Il comunicato nel lancio dell'Agenzia AGI: 
Alluvione Sardegna: Architetti, era scritto, inutile scandalizzarsi
Tutto inutile scandalizzarsi: almeno ci si risparmi la farsa di indicare nei cambiamenti climatici la responsabilita' di questa ennesima, immane tragedia". Lo dice Leopoldo Freyrie, presidente del Consiglio nazionale degli Architetti , pianificatori, paesaggisti e conservatori sulla alluvione in Sardegna, e aggiunge: "Urbanizzazione selvaggia, scellerato consumo del suolo, disprezzo e violazione di ogni norma di pianificazione: mischiati assieme, questi fattori uniti all'arroganza ed alla assoluta mancanza di una visione di lungo periodo di una classe politica sorda a tutti i suggerimenti, hanno portato alla conta dei morti di queste ore".

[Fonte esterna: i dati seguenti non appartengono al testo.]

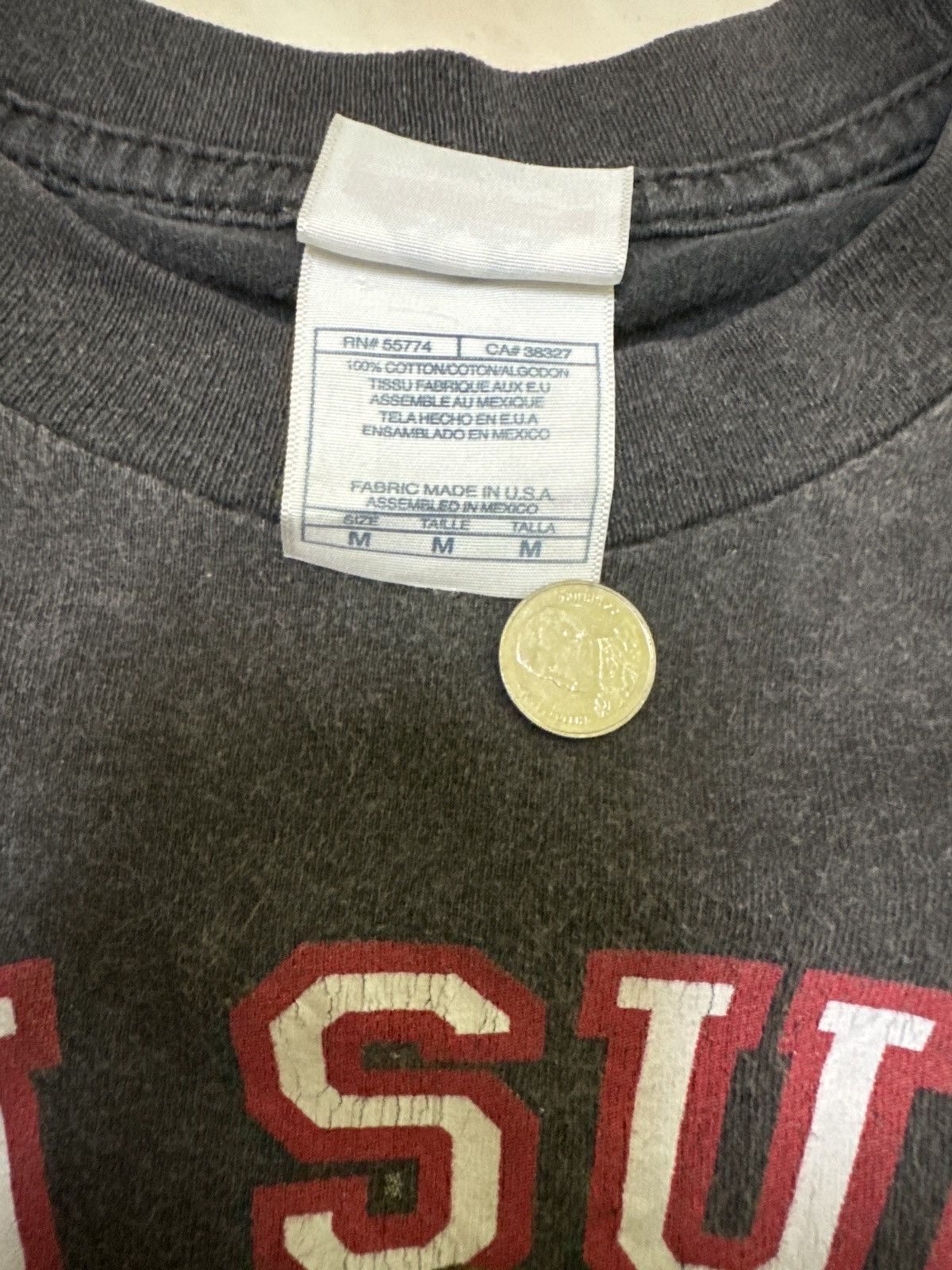 Vintage VINTAGE 2002 KURT ANGLE YOU SUCK OH, ITS TRUE FADED T-SHIRT Size US M / EU 48-50 / 2 - 12 Thumbnail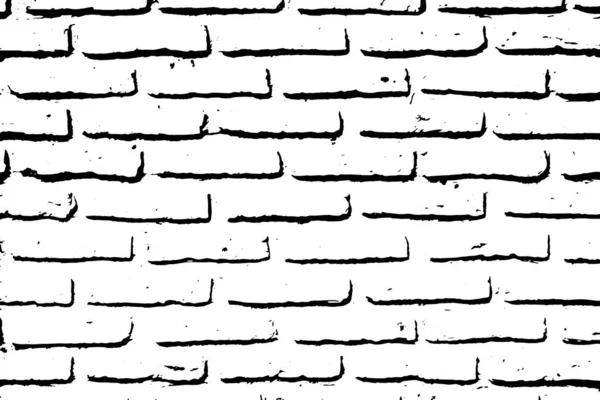 Grunge Textura Negra Como Forma Pared Ladrillo Sobre Fondo Blanco — Vector de stock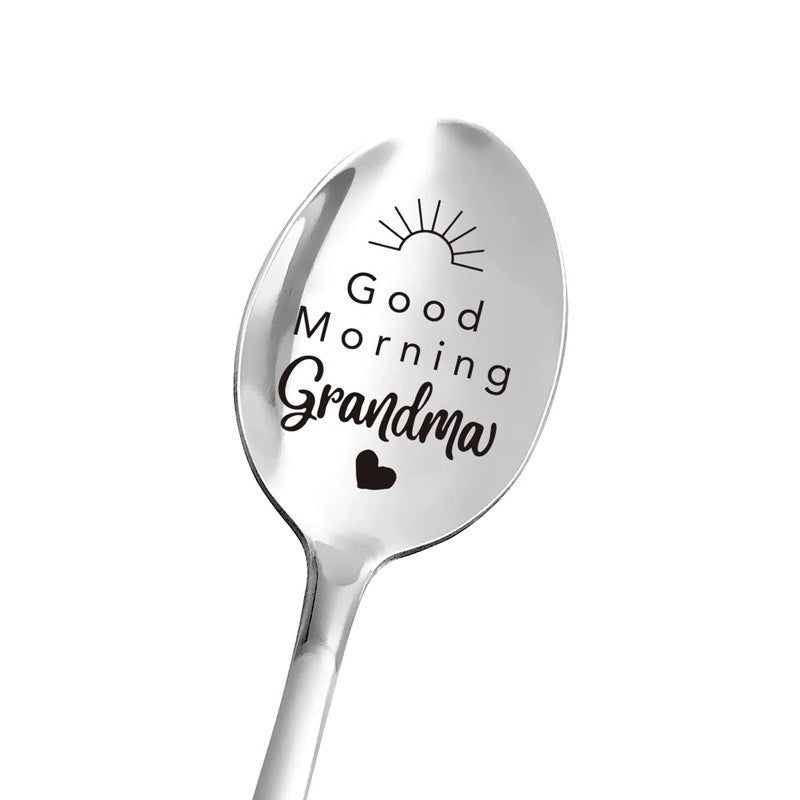 Fashion Letter Stainless Steel Spoon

Sarebbe stato sufficiente - prosegue - che politici e amministratori avessero ascoltato la voce di quanti - come gli architetti, ad esempio - da anni vanno gridando: fermare l'abusivismo; ascoltare le denunce sui rischi idrogeologici e sismici che incombono su un territorio fragile e delicato come l'Italia; pianificare il territorio pensando alle generazioni future e non alle elezioni future. L'Abruzzo, le Cinque Terre, Genova, l'Emilia Romagna e il Mantovano, la Toscana: un rosario di tragedie e una litania di recriminazioni e, poi, di buoni propostiti subito dimenticati". "Naturalmente piove sul bagnato - dice ancora Freyrie - con una crisi economica devastante che ormai rende difficile anche solo pianificare gli interventi piu' urgenti: un'elemosina i venti milioni di euro stanziati dal Governo per il disastro in Sardegna, ma soprattutto i trenta previsti dalla Legge di Stabilita' 2014 per tutti gli interventi per l'anno prossimo per la messa in sicurezza del territorio italiano." Freyrie conclude: "Quello che mi auguro e' che ora sia chiaro all'Italia e all'Europa che il patto di stabilita' non puo' e non deve impedire gli investimenti che salvano la vita delle persone; in caso contrario saremmo entrati non nell'era dell'economia globale ma in quello dell'incivilta' crudele. Ci auguriamo anche che venga accelerato l'iter per l'approvazione della legge sulla riduzione del consumo del suolo".